Schraw & Dennison (1994) indicate that metacognitive thinking is the learner's ability to learn, understand and control the educational process and it allows the learner to plan, sequence cognitive processes, and monitor his learning, which leads to improve his performance directly.

According to Mitchell et al., (2005) ; Schraw & Dennison (1994) that metacognitive thinking is a high-level cognitive ability that expresses the learner's ability to influence, understand and control his own learning processes, and it is essential for the learner to build entrepreneurial decisions in learning situations and problem-solving. Thus, they viewed the development of cognitive thinking skills as the most important entrepreneurial learning outputs; it allows the learner to consciously plan and carry out the appropriate procedures to achieve a specific goal, such as "solving Mathematical problem", and also represents a part of the self-regulatory behavior when facing mathematical problems (Sheorey & Mokhtari, 2001; Efklides, 2008).

According to entrepreneurial learning, metacognitive thinking is a part of a larger and more comprehensive framework for executive performance, and an important component of the cognitive system that is particularly relevant to mental control processes (Haynie, 2007). In general, Metacognitive experience is an important metacognitive resource that can provide inputs that activate Metacognitive Thinking skills, controlling action and behavior (Ustav, 2016; Wahyuni, 2020).

Metacognitive thinking skills: Several models and classifications of MT skills that the learner must acquire have been derived; therefore, the educational process will be successful and valuable. Views differ in determining them, but they agreed that there are three basic skills, as Abu Jadu & Nofal (2017) ; Abu Nada (2013) ; Abu Riash (2006) stated as the following:

1. Planning skill: It means choosing suitable plans and identifying the resources that will affect the performance. It also includes the presence of specific goals for the individual. Whether it is determined by the student or others and has a plan to achieve these goals. Possessing this skill has great importance on all personal, social, economic, and political levels, and it includes the following sub-skills: (1) Determining the goal and feeling that there is a problem, (2) Selecting the processes and implementation strategies, (3) Following up on the processes and their sequence, (4) Knowing the errors and obstacles, (5) Predicting the desired results.

2. The skill of organization and self-monitoring: at this stage, self-mechanisms are provided to monitor the extent to which objectives are achieved.

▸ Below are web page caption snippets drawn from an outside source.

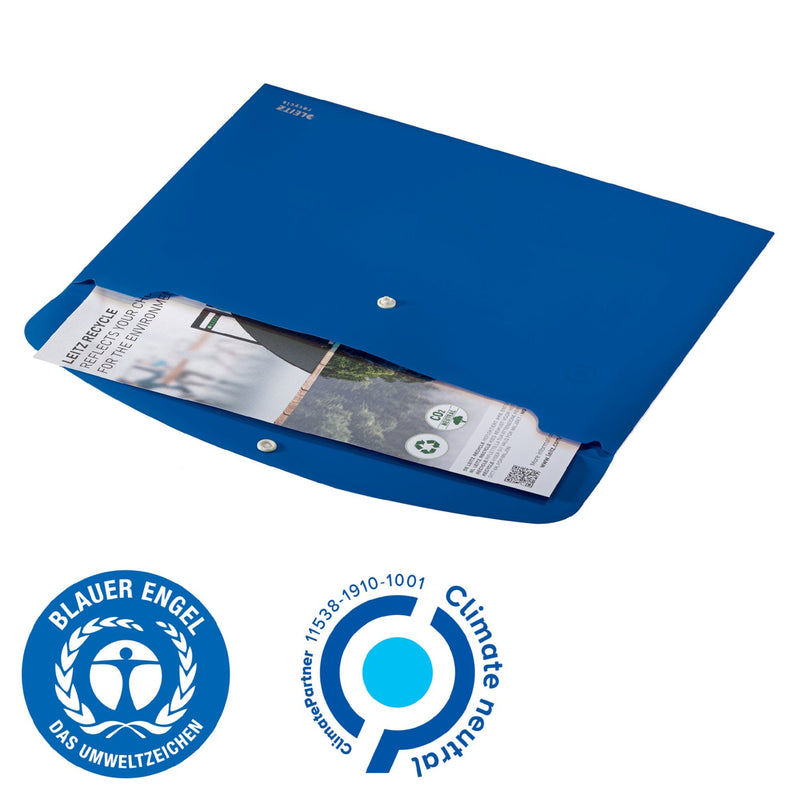 Leitz Recycle Polypropylene Document Wallet With Push Button Closure Blue 46780035 - GARDEN & PET SUPPLIES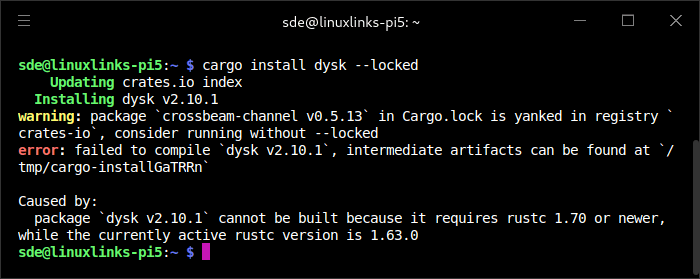 Build failed with locked option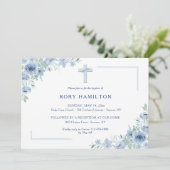 Blue Inspiration Religiöse Einladung (Stehend Vorderseite)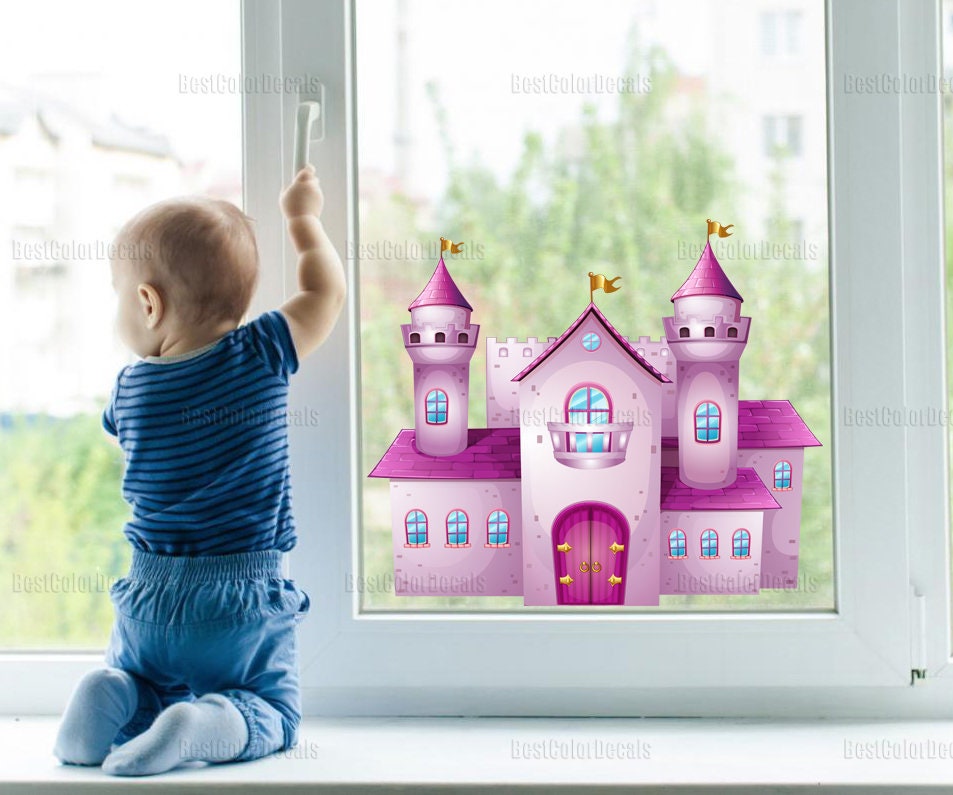 Princess Castle decal for wall Nursery princess decor Pink Castle for bedroom Princess castle decor Nursery castle wall decor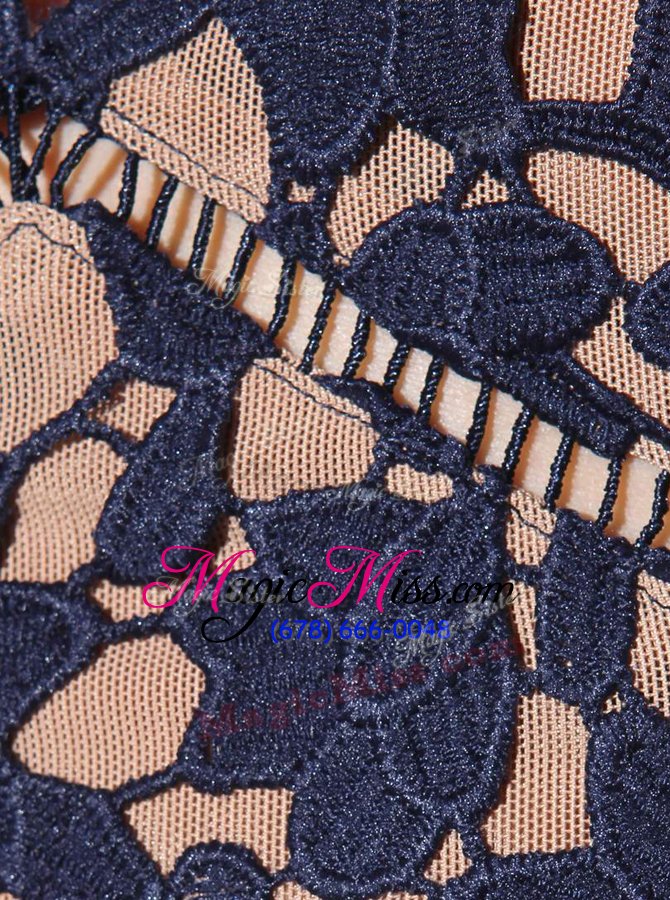 wholesale captivating blue and navy blue zipper evening dresses lace sleeveless tea length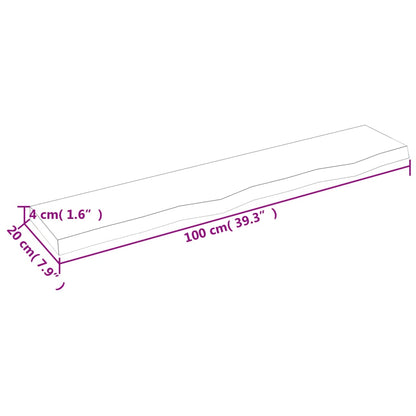 vidaXL Wall Shelf 100x20x4 cm Untreated Solid Wood Oak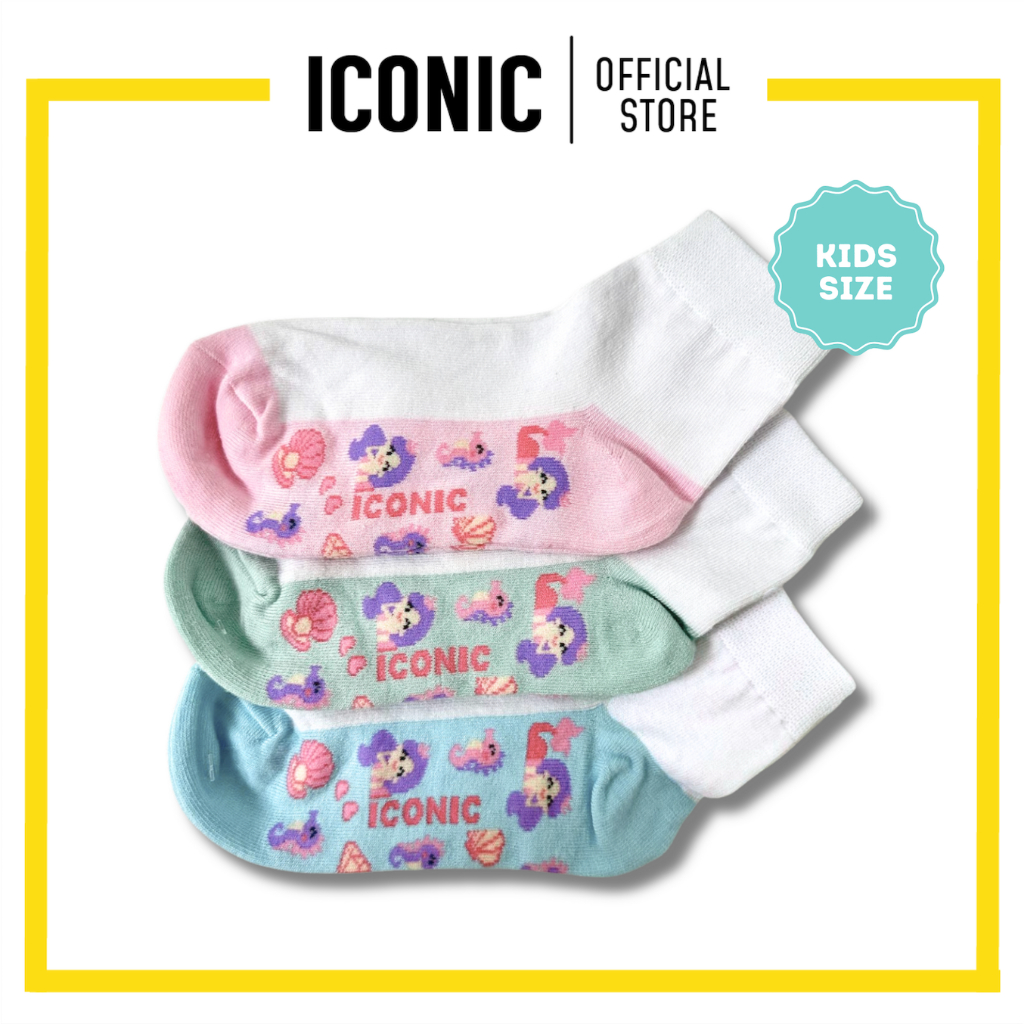 Iconic Socks Kids Basic 3 in 1 White School Socks Mermaid Design ...
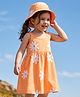 Babyhug Cotton Knit Sleeveless Frock and Cap with Daisies All Over Prints in Orange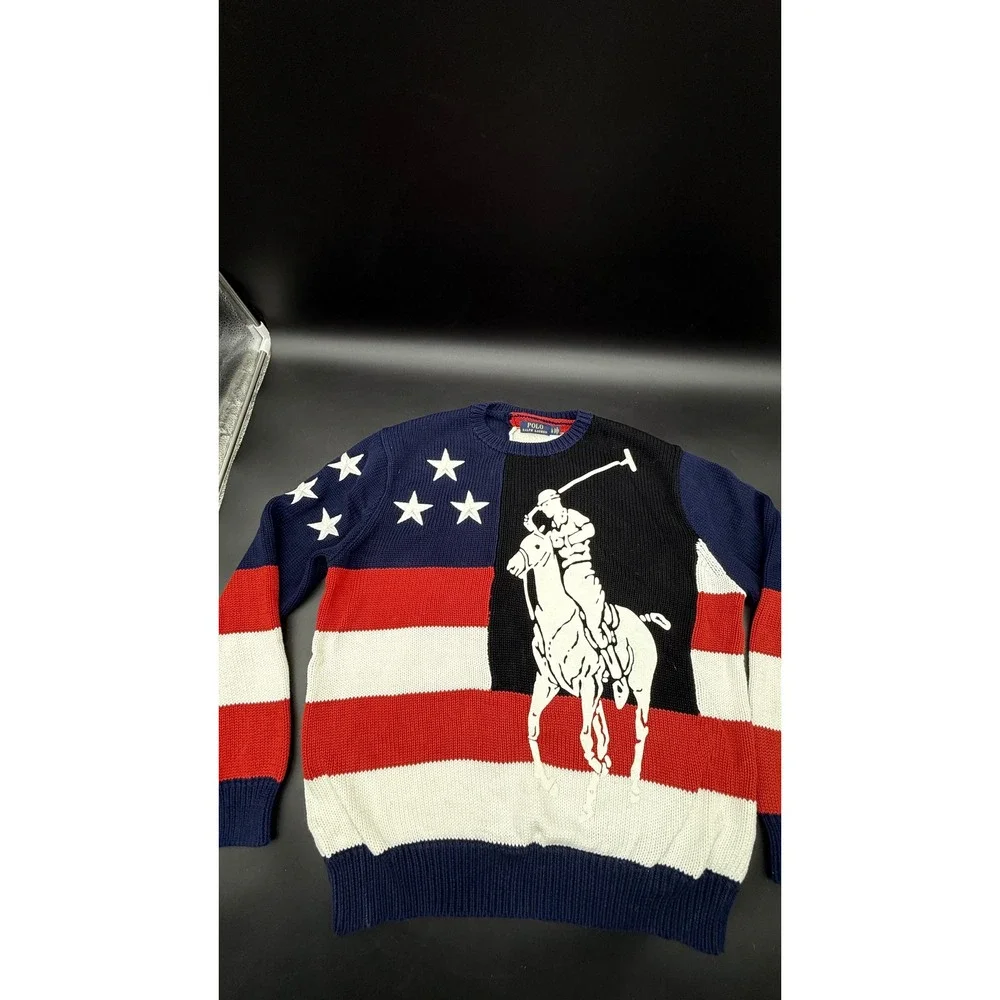 Polo Ralph Lauren Big Pony Americana Flag Sweater Men's L Red White Blue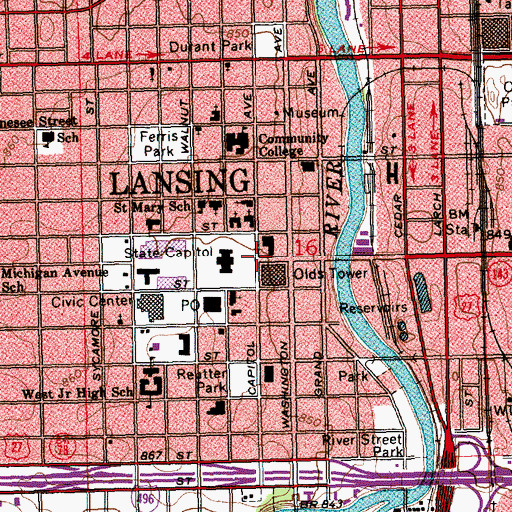 Topographic Map of State Capitol Historical Marker, MI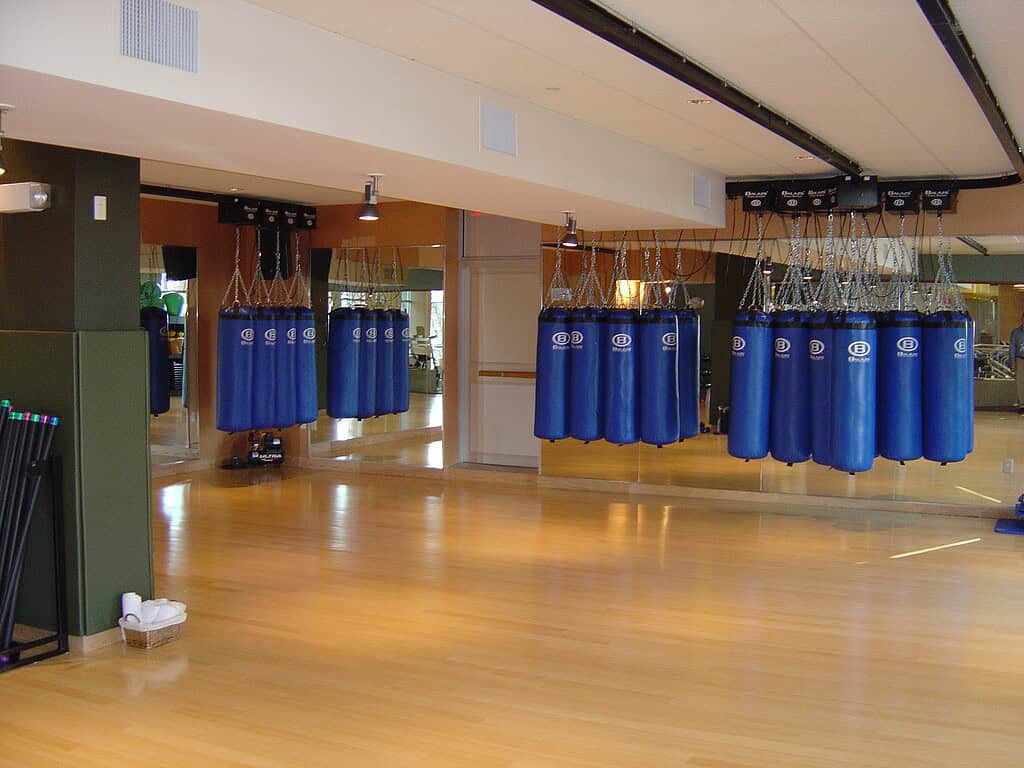 Blue Balazs heavy bags nested together against the wall on an Ultra-Trak track with the studio floor open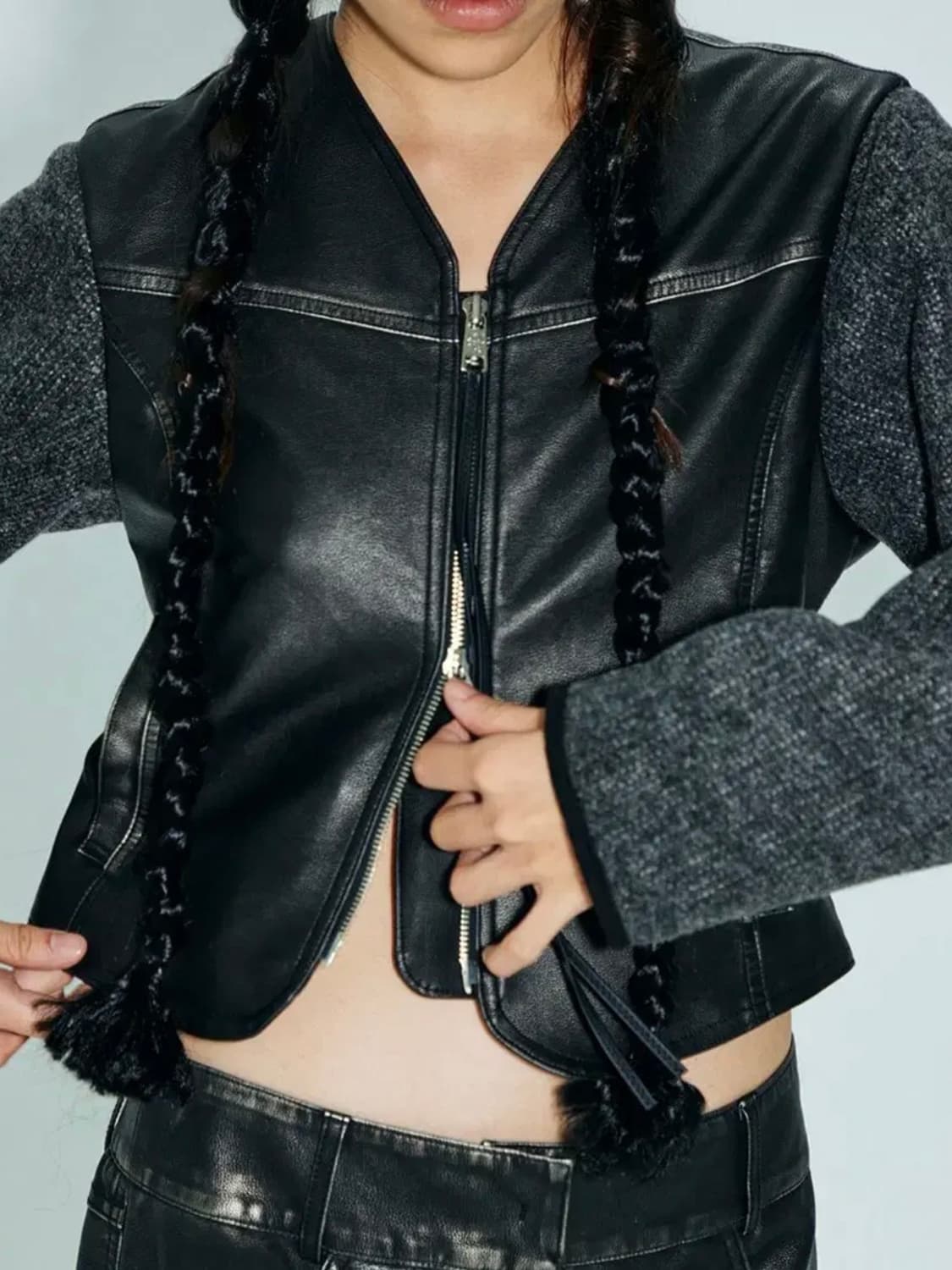 김미더영 태닝 레더 자켓 1 사이즈 상품이미지2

Beyer (1998) indicates that the sub-skills that include the skill of organization are as the following: (1) Maintaining the goal in memory, (2) Maintaining the sequence of processes, (3) Knowing the time to achieve the sub-goal, (4) Make the decision to move to the next process, (5) Choosing the appropriate next process along with the context, (6) Discovering errors and obstacles, (7) Knowing how to handle errors and overcome obstacles.

3. Evaluation skill: It relates to the learner’s achievements and reviewing the strengths and the weakness in the thinking of learner’s thinking. Beyer (1998) emphasized that the sub-skills included in the evaluation skill are as follows: (1) Evaluating the extent to which the objectives have been achieved, (2) Judging the accuracy and adequacy of the results, (3) Evaluating the extent to which errors or obstacles have been handled, (4) Judging the adequacy of the plan and its implementation.

4. From the above: there are three basic skills for MT: planning, organizing or self-monitoring, and the skill of evaluation. Each skill of them includes many sub-skills.

Research Methodology

This research aims to explore the effectiveness of a SRPBL strategy in developing MPSS and MT; therefore, the researchers followed the experimental research, which has a quasi-experimental design with two groups: experimental group and control one.

Research Sample

The sample of the research consists of (59) students from seventh intermediate students in Jubail. The research sample was chosen intentionally, and then the research groups were randomly selected to represent one experimental (29) student and the other control group (30) student.

Research Instruments

MPSS Test

After reviewing previous studies in the field of MPSS, the following skills were identified: (understanding the problem, planning to solve the problem (making a plan), carrying out the plan, and verifying the solution (look back at the completed solution).

A test was prepared by the researchers, it was composed of 6 mathematical problems considering the lessons of chapter seven (Geometry: polygons) from the mathematics textbook for the intermediate seventh grade at the second semester, each problem was followed by four questions to assess the four MPSS.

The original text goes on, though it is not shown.